NVIDIA Canary 1B, a speech recognition and translation model

February 17, 2024

Canary is a new multilingual speech-to-text recognition and translation model from the NVIDIA NeMo team.

With 1 billion parameters, it is able to transcribe speech in English, Spanish, German, and French, with punctuation and capitalization capabilities. Additionally, it offers bidirectional translation between these languages.

Canary is currently the best open-source speech recognition model available, significantly surpassing all other open-source models. According to the Hugging Face Open ASR leaderboard, it achieves a very low word error rate (only 6.67% on average!).

Try the online demo on Hugging Face. See how to train & integrate the model for advanced use here (code included).

Model Architecture

Canary employs an encoder-decoder architecture, featuring a FastConformer and a Transformer Decoder as its main components (see the next picture).

The model translates speech to text with remarkable accuracy and flexibility.
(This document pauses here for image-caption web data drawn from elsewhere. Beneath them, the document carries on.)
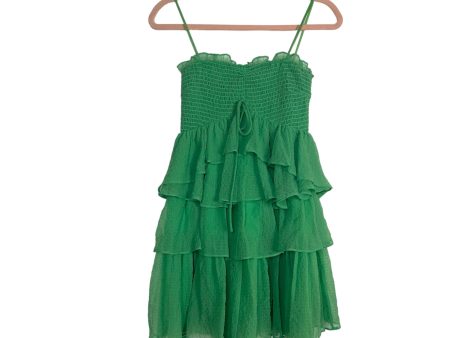 Mustard Seed Green Smocked Bodice Front Tie Strapless Dress- Size S Supply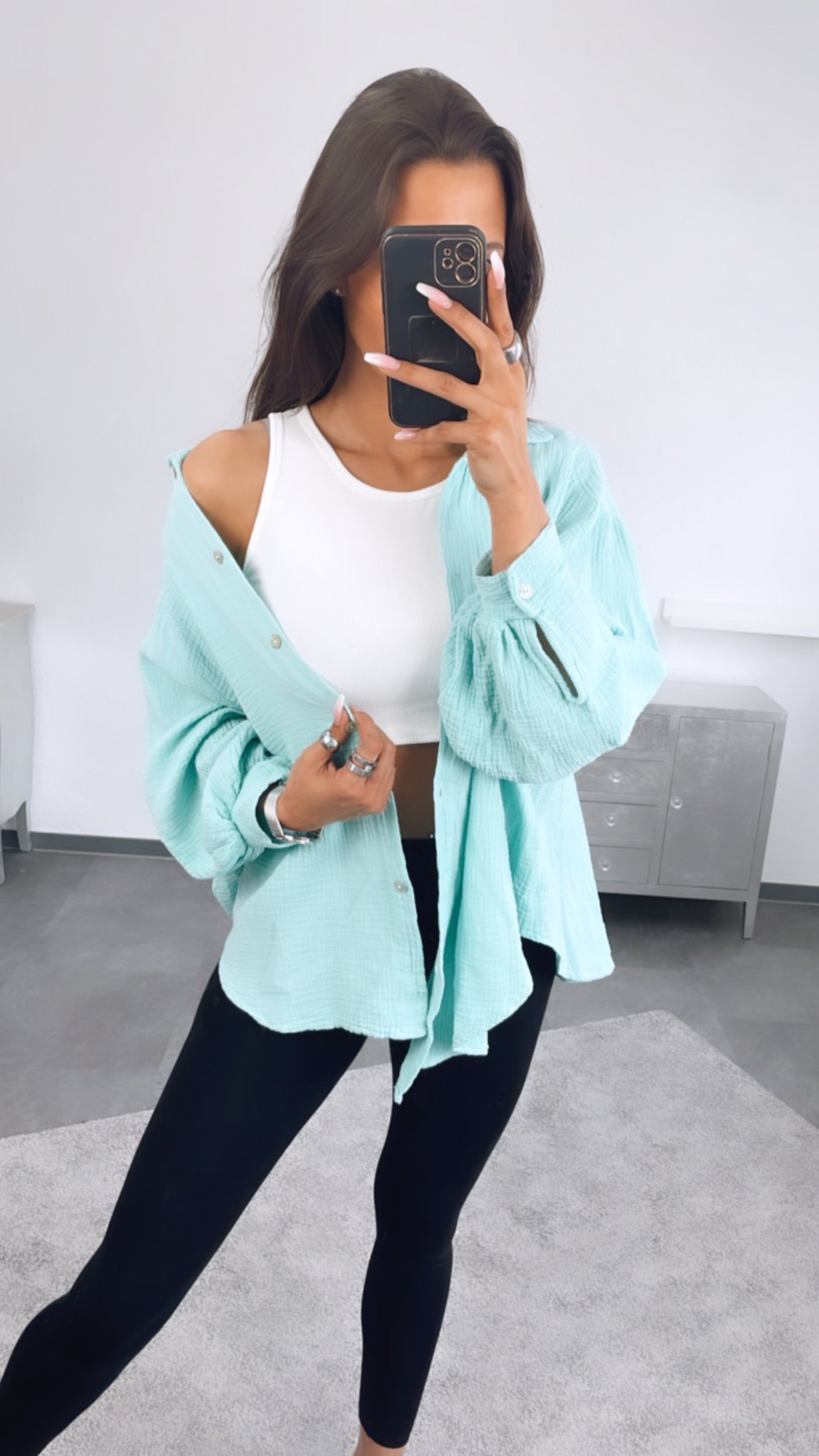 Kurze Oversize Musselin Bluse in Light Mint – Frische Leichtigkeit | MUSSELIN LIEBE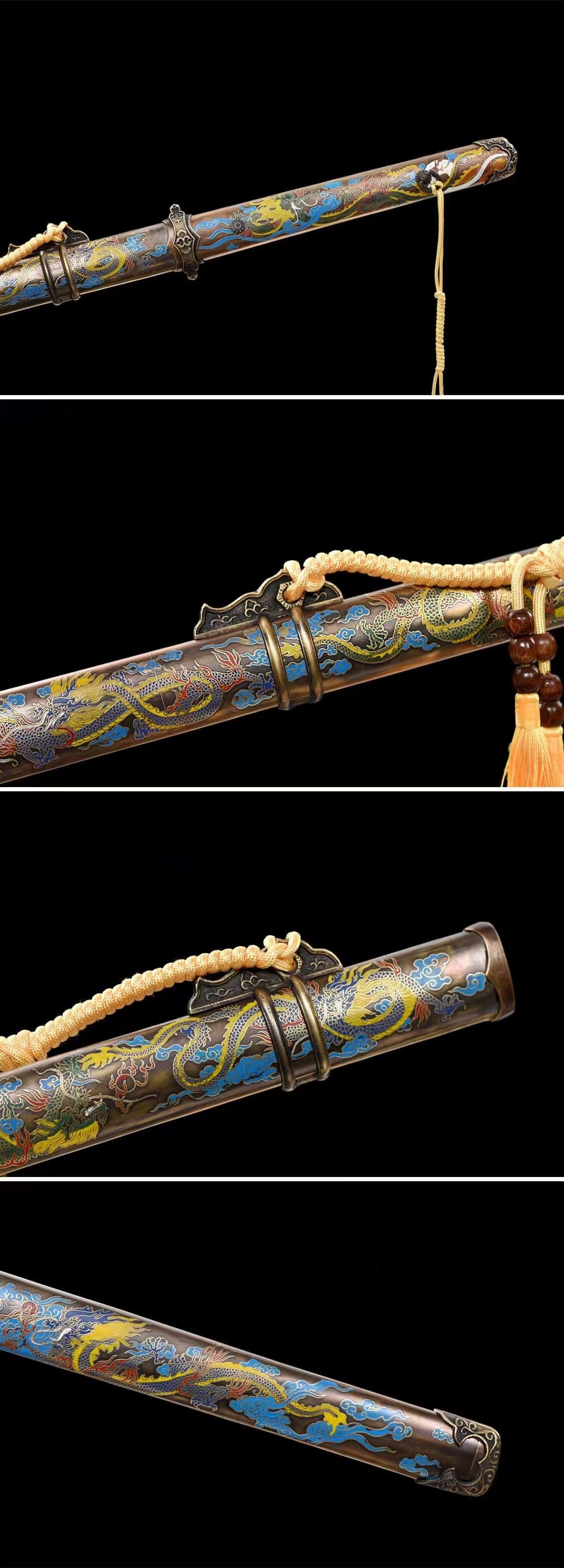 Handmade Dragon Flame 608 Pattern Steel Tang Sword - Tophatter Daily Deals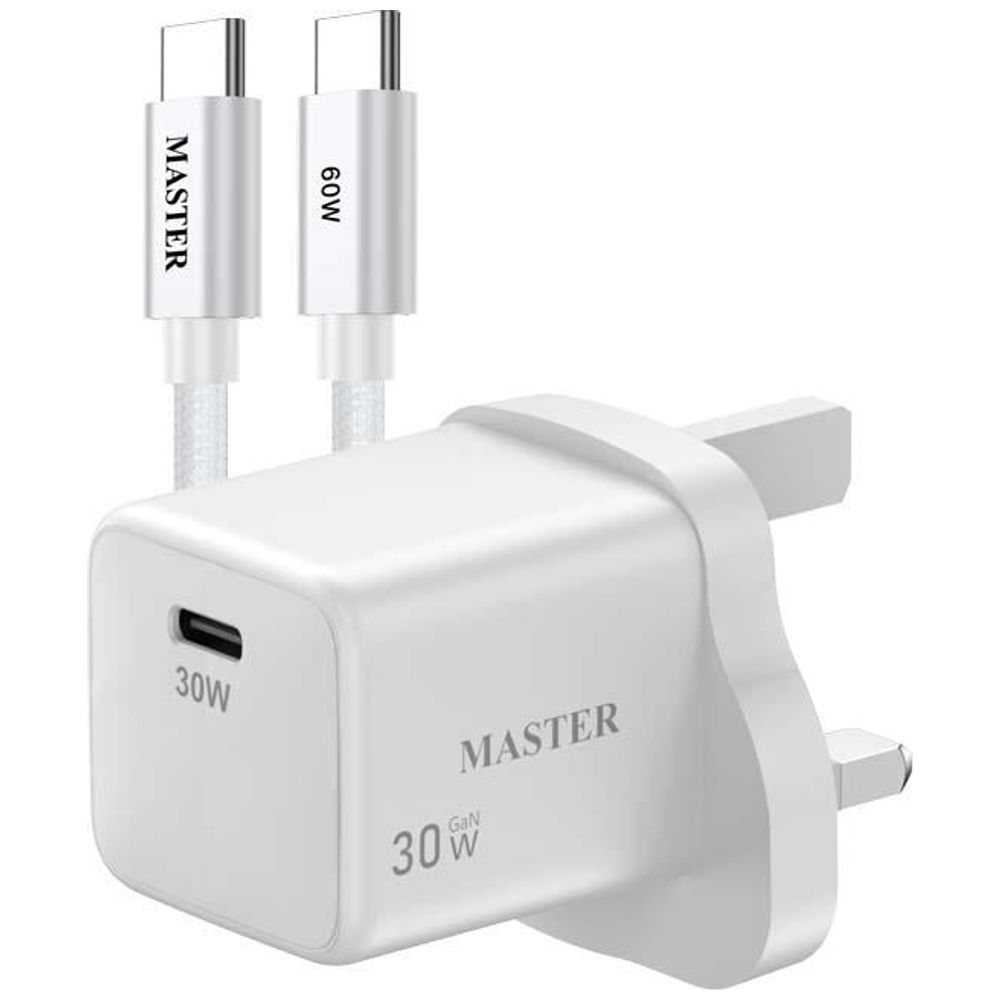 Master Master MSCH30W60WCC WH - Wall Charger - USB-C - Single Port - With USB-C to USB-C Cable - 60W - White 60W – 25,000 IQD Iraq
It takes the audio inputs and extracts the features using the FastConformer encoder. It adds special tokens with a task-specific prompt that includes your instructions (the desired language, task, and punctuation style) and passes them to the Transformer Decoder to generate text outputs.

Canary comprises a total of 24 encoder layers and 24 decoder layers. It applies different SentencePiece tokenizers for each language, and then merges them into one tokenizer. This approach allows for easy expansion of the model to new languages without major changes.

Training and evaluation

Canary’s training involved 85,000 hours of labeled speech data from various public and proprietary sources, along with the NVIDIA NeMo toolkit and the computational power of 128 NVIDIA A100 80GB GPUs.

You can replicate the training process using the provided example script and base configuration.

To assess its speech recognition capabilities, Canary was tested in four languages: English, Spanish, French, and German. Each test used the MCV 16.1 dataset, containing real-world speech samples. The model’s accuracy was measured using the Word Error Rate (WER) metrics, indicating the percentage of words either missed or misheard. Lower WER corresponds to better transcription accuracy.

See how Canary compared to other models in the next figure.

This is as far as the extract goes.